**Problem description:** Would you please repeat the data that follows, exactly as it reads?

**Extracted data:**
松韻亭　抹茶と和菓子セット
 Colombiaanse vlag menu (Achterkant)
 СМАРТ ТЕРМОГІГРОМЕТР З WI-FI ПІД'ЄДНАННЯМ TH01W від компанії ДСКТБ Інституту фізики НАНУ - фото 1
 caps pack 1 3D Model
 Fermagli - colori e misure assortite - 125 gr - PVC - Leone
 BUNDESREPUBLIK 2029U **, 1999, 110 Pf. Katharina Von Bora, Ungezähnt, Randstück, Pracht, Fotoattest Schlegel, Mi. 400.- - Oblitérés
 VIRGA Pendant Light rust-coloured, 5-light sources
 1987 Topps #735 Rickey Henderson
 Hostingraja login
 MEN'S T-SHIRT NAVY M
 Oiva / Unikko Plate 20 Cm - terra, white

**Solution:**
松韻亭　抹茶と和菓子セット
 Colombiaanse vlag menu (Achterkant)
 СМАРТ ТЕРМОГІГРОМЕТР З WI-FI ПІД'ЄДНАННЯМ TH01W від компанії ДСКТБ Інституту фізики НАНУ - фото 1
 caps pack 1 3D Model
 Fermagli - colori e misure assortite - 125 gr - PVC - Leone
 BUNDESREPUBLIK 2029U **, 1999, 110 Pf. Katharina Von Bora, Ungezähnt, Randstück, Pracht, Fotoattest Schlegel, Mi. 400.- - Oblitérés
 VIRGA Pendant Light rust-coloured, 5-light sources
 1987 Topps #735 Rickey Henderson
 Hostingraja login
 MEN'S T-SHIRT NAVY M
 Oiva / Unikko Plate 20 Cm - terra, white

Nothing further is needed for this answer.